I know you love your job, but you should NOT be returning to ANY work place that you dont feel safe in, let alone a work place that has beent he cause of your problems.
when i lived in england, i worked for Tesco for a while, i was a shelf stocker at night, i liked my job, i liked my manager and the other ladies i worked with. then my manager got promoted, a promotion he deserved greatly. our new manager was horrible. but for some reason it was me he went after, he harrased me and bullied me from the moment i walked into the store till i left. everyone saw it, everyone knew what was going on and not one person stood up to him. i tried and got given a written warning from...him!
it got so bad that i had a mental breakdown one night and just sat ont he floor shaking and crying and strugglign to breath that i was taken home by one of the other staff members. i was off work for 3 months, i was put back on medication, and back into therapy. eventually Tesco said i had to make a choice either i come back or i leave. so i went back, but i dropped a lot of hours, i went from full time to just 12 hours a week (3 x 4hour shifts), i filed a complaint with the store about my manager. but no sooner was i back and he was straight back to his ways.
i couldnt cope and started selfharming, i refused to eat, i couldnt sleep and i did cut myself a few times. my medication increased and i was off work for another 3 months. Again i had to choose go back or leave. I filed yet ANOTHER complaint with the store and showed them a letter from my therapist and my medication. eventually they agreed i could work 1 night a week for 4 hours on a night he didnt work. a Sunday.

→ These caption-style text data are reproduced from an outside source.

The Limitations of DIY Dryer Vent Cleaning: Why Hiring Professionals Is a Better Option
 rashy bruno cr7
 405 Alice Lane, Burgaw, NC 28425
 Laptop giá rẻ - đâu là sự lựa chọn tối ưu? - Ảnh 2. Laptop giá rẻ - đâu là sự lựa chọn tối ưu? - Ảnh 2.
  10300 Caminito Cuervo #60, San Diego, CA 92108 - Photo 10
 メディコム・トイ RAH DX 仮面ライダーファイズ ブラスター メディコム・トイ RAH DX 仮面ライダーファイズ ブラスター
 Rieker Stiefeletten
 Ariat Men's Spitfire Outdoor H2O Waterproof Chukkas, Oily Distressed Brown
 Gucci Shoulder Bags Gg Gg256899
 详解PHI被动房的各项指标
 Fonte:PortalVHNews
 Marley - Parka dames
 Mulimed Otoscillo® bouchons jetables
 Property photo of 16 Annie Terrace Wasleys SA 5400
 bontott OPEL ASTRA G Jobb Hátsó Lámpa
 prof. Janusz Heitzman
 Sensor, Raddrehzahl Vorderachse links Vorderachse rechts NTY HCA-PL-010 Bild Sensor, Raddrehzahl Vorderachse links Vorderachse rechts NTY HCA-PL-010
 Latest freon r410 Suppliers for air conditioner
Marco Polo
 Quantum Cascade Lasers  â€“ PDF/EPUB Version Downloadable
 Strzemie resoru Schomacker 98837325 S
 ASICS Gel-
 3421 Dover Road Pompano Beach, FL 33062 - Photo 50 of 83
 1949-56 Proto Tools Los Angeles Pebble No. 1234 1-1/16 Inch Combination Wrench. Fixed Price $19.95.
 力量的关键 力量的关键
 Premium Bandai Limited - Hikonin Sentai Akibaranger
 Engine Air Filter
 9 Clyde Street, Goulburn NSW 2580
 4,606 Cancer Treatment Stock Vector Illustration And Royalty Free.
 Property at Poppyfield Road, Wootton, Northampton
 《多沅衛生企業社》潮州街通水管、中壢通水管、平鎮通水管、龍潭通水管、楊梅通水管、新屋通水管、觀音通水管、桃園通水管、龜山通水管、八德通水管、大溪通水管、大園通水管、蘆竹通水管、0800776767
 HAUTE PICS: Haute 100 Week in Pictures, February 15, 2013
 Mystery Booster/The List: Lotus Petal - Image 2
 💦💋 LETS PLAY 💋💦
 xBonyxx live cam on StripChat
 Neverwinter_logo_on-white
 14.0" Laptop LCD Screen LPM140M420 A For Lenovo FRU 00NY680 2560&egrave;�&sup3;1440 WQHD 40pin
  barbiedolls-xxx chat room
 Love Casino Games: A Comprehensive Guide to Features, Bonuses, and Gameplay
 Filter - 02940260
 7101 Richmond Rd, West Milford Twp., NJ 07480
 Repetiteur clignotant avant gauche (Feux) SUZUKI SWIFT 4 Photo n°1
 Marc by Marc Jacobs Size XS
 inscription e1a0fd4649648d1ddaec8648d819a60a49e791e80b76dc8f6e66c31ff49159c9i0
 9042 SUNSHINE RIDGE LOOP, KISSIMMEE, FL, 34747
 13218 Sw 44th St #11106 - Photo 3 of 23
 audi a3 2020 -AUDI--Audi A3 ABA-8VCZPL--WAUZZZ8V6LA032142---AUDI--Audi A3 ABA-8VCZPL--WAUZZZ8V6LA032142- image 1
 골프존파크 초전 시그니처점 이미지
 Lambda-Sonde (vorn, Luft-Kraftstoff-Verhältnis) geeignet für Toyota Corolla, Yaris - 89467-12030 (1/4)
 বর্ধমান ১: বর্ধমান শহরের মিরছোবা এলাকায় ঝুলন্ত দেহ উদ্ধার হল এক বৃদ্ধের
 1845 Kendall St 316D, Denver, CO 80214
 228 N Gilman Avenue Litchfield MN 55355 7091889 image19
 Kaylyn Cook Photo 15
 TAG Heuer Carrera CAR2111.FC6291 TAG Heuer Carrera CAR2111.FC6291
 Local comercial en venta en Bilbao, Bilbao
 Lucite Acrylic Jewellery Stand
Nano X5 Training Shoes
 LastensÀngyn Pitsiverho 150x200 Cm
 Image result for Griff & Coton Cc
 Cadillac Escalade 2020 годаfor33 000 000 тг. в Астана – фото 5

fair enough sundays were ok with me, it was time and a half pay. so 4 hours for the price of 6, i get to see all my friends and not that manager. 3 weeks into this and guess who decides he wants to be a sunday night manage suddenly? and guess what...the store allowed it!
so he started working sunday nights, and the same things started all over again. I couldnt take it anymore and walked out during a shift. Tesco did NOTHING to help me. infact they gave me a warning for leaving during a shift. I filed a complaint with headoffice. the manager got a "warning". and still to this day works there as night manager. a year or so later, i got contacted annomynously from another girl, who worked for him at a different store before he was transfered to my store. she went through the exact same thing with him. she said she even went to a meeting with headoffice about it and all they did was transfer him to my store), so it goes to show, some work places dont care about the little people - easily replacable i guess.
my point here is, whatever the problem you have with your work place, its unlikely to ever change or go away. if you dotn feel safe or happy their no matter how much you love the job, you have to leave for your own sake. or you will just get progessivly worse.
is it possible you could find another similar job?